(Scraped caption text data)
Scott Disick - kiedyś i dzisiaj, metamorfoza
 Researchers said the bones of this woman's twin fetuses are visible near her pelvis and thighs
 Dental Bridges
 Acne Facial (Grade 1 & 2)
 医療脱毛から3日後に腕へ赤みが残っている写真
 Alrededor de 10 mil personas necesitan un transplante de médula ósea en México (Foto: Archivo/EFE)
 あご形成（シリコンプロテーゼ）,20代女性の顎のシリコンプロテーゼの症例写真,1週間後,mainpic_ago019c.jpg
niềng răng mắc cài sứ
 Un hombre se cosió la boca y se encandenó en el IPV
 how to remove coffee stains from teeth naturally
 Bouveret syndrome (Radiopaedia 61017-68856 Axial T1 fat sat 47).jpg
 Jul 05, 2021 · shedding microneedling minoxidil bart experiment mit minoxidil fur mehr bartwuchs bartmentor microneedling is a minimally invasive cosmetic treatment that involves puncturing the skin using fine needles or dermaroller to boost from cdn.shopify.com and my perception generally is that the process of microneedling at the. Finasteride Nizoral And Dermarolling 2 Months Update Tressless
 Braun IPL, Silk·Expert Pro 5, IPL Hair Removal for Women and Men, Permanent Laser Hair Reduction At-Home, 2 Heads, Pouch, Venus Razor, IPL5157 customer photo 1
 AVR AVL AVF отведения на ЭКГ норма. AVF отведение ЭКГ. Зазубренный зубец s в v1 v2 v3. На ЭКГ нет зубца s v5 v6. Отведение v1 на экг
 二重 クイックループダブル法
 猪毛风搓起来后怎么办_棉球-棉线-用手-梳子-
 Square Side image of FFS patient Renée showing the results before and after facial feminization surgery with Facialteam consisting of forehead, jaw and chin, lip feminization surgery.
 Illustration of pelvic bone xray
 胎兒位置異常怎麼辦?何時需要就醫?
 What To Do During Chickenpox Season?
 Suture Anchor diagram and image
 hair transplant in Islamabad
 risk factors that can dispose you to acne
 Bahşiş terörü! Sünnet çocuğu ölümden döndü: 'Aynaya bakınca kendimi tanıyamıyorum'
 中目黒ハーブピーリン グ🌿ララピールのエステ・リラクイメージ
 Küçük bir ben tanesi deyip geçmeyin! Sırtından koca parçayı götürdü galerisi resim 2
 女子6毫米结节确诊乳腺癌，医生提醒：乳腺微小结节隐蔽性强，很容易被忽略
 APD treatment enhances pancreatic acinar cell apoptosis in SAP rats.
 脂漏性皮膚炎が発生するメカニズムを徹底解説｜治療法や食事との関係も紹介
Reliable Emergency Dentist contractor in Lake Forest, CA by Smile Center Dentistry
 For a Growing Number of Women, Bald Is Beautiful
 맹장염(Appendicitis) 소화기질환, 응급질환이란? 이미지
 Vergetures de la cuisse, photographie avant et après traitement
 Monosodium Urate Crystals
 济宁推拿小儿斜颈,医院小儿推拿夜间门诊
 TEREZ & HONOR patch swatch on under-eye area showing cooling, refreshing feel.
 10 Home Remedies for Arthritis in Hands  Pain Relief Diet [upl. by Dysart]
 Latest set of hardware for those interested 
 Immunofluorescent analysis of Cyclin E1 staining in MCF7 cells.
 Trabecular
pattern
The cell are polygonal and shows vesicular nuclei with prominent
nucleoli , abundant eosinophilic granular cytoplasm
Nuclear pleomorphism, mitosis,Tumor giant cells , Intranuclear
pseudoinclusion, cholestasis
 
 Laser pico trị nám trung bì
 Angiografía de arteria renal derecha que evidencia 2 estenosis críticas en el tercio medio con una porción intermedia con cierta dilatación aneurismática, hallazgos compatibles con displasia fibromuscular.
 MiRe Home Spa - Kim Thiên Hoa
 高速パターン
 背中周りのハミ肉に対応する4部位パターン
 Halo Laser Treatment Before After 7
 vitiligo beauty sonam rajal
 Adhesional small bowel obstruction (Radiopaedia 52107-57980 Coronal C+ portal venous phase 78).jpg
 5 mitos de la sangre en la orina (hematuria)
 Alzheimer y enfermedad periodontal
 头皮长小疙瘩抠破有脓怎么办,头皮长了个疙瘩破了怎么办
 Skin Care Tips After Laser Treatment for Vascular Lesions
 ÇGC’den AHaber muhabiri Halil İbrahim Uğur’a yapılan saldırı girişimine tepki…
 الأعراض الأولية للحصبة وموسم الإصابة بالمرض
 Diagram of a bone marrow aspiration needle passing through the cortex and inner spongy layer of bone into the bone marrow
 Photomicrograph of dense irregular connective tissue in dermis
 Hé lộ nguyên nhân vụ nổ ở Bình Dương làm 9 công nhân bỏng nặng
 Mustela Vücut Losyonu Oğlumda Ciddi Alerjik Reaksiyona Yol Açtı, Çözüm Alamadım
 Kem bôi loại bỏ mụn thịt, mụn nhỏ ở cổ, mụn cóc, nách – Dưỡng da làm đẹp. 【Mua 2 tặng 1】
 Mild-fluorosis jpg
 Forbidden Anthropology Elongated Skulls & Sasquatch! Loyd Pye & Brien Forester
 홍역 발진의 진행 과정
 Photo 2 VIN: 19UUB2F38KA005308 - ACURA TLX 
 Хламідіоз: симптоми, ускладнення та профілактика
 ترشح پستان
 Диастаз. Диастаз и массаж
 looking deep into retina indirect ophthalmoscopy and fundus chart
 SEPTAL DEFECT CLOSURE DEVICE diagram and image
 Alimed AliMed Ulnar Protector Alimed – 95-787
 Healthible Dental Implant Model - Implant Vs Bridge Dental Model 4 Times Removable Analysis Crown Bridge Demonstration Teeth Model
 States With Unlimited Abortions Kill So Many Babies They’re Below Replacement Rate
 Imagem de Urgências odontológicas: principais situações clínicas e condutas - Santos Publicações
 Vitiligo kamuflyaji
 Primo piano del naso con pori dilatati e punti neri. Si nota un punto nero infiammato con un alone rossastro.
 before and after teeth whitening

▶ _WHAT YOU HAVE TO DO_
Give the number of lines in the entries that contain the word "Home", without any other words.

▶ _WRITTEN RESPONSE_
3